During this lab we conducted a modified version of Chelex DNA extraction, prepared agarose gel for gel electrophoresis, and began PCR reactions with our newly extracted environmental DNA, a positive control with DNA taken from a paramecium culture, and a negative control with the DNA replaced with D.I. water.

Procedure:

Chelex DNA Extraction

(Each member of the group performs all steps with their own sample.)

1. Extract ciliates from a non flooded plate by taking a 1.5 ml sample.
2. Centrifuging it at 6000xg for 5 minutes.
3. Remove the supernatant.
4. Add 1.5 ml more to the sample and repeat steps 2 and 3.
5. Add 200 µL 5% Chelex to the sample (it is necessary to cut the end of of the pipette tip in order to extract Chelex).
6. Vortex for 1 minute.
7. Add 15 µl of proteinase K.
8. Incubate for 30 minutes in a 56°C water bath or heat block.
9. Boil for 8 minutes in 100°C heat block.
10. Vortex for 1 minute.
11. centrifuge at 16000xg for 3 minutes.

PCR

1. Each member transfer 100 µl of their supernatant to one clean microcentrifuge tube
2. In 3 small tubes transfer all of the following components excluding the DNA for the environmental sample, this will be done after step 3
   

   Negative Control	Positive Control	eDNA
   DNA template/ µL	0	1	1
   2X Master mix/ µL	12.5	12.5	12.5
   Stock V4 Primers (final concentration 0.5 µM)/ µL	1.25	1.25	1.25
   Water/ µL	11.25	10.25	10.25

   (in our experiment an error was made, and 11.25 µL of water was added to each tube)

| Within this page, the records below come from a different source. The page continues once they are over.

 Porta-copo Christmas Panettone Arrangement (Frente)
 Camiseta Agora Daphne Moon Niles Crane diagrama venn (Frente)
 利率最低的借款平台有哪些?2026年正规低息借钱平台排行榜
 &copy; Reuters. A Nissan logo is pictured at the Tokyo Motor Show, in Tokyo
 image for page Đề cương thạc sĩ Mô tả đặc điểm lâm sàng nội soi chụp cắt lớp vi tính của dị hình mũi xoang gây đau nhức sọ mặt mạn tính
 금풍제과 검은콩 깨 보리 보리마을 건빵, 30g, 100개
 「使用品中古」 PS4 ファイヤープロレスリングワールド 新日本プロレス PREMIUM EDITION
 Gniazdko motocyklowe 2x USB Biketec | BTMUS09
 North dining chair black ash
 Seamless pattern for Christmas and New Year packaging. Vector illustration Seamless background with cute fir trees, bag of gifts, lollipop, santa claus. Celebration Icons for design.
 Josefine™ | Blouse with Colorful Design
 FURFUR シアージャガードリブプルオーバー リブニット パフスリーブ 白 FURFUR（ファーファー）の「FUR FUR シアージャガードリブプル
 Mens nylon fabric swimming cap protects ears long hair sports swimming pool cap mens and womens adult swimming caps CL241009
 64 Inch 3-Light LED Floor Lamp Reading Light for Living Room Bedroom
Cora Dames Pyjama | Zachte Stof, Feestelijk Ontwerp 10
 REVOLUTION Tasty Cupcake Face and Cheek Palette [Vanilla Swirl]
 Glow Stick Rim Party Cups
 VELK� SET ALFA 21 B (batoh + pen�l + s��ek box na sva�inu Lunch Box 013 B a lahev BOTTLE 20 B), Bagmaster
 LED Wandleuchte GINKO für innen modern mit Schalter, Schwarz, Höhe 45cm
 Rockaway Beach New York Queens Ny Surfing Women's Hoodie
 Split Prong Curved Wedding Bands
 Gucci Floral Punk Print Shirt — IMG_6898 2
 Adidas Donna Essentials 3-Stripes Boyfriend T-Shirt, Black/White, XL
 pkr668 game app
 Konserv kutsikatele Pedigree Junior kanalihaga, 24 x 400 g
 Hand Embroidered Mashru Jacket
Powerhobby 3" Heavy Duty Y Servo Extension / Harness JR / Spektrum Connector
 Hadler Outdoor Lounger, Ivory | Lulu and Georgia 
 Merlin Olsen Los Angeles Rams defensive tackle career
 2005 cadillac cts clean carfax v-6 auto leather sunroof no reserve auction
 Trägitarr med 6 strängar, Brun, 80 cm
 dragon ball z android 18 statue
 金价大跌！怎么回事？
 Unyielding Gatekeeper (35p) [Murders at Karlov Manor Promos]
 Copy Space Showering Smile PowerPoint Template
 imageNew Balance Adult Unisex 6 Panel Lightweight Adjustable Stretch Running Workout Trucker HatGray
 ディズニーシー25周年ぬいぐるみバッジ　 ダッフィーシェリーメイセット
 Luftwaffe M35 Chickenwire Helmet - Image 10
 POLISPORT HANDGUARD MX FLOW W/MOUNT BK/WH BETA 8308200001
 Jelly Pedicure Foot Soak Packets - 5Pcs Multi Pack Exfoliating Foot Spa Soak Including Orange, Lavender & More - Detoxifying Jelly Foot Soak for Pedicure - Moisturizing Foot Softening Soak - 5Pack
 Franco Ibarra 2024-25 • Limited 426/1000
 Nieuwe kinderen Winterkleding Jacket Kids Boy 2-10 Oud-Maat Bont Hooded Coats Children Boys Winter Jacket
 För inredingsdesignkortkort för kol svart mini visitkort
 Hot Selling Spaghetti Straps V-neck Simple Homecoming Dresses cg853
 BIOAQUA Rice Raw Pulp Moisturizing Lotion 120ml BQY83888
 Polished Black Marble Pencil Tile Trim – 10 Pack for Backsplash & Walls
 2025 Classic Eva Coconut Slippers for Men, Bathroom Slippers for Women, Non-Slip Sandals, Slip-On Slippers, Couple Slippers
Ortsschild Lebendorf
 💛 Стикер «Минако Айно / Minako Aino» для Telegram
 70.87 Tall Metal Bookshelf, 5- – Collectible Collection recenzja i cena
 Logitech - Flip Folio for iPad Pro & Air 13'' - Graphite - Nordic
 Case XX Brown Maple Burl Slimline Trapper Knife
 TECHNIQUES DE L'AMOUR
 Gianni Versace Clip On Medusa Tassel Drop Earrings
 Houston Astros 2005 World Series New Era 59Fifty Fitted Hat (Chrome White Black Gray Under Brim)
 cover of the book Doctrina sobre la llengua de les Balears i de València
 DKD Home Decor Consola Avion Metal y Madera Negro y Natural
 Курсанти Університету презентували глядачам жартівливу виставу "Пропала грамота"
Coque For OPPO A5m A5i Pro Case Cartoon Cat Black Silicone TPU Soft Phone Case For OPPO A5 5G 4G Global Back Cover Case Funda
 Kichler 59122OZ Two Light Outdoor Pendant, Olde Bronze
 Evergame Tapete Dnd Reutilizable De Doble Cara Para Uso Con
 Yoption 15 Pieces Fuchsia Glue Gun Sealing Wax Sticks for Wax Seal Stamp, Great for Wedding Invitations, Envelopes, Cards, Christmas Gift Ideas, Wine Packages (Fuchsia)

3. Run a Nanodrop analysis of the environmental DNA sample.
   

   The indicated reading was from my groups Nanodrop analysis

4. Either concentrate, or dilute your DNA sample until it is approximately 50 ng/µL.
5. Transfer 1µL of your environmental DNA sample into the environmental DNA tube.
6. Place all three tubes in a thermocycler.

The indicated tubes are my groups samples

Agarose Gel Preparation

• Add  0.6g of agarose to an Erlenmeyer flask.
• Dilute with 40 mL of 1xTAE, in order to make a 1.8% agarose solution.
• Cover the flask with weighing paper and a loose fitting lid.
• Swirl the solution to mix
• Heat the erlenmeyer flask in a microwave for 1 minute and 20 seconds on power 7
• Cool the gel for 5 minutes in a water bath
• Add 2 uL of ethidium bromide
• Swirl the solution to mix
• Assemble gel mold
• Pour the gel into the mold, allow it to set
• Label the mold and store

Conclusion:

All this was a lot to do with our time constraints, and my group felt like we rushed it a bit.  However, we were able to finish with minimal extra time.  I did enjoy getting to go back and do some of the things we have done before.  That way all the procedures are more firmly cemented in my mind, so that I should be able to perform them even more efficiently in the future if its required.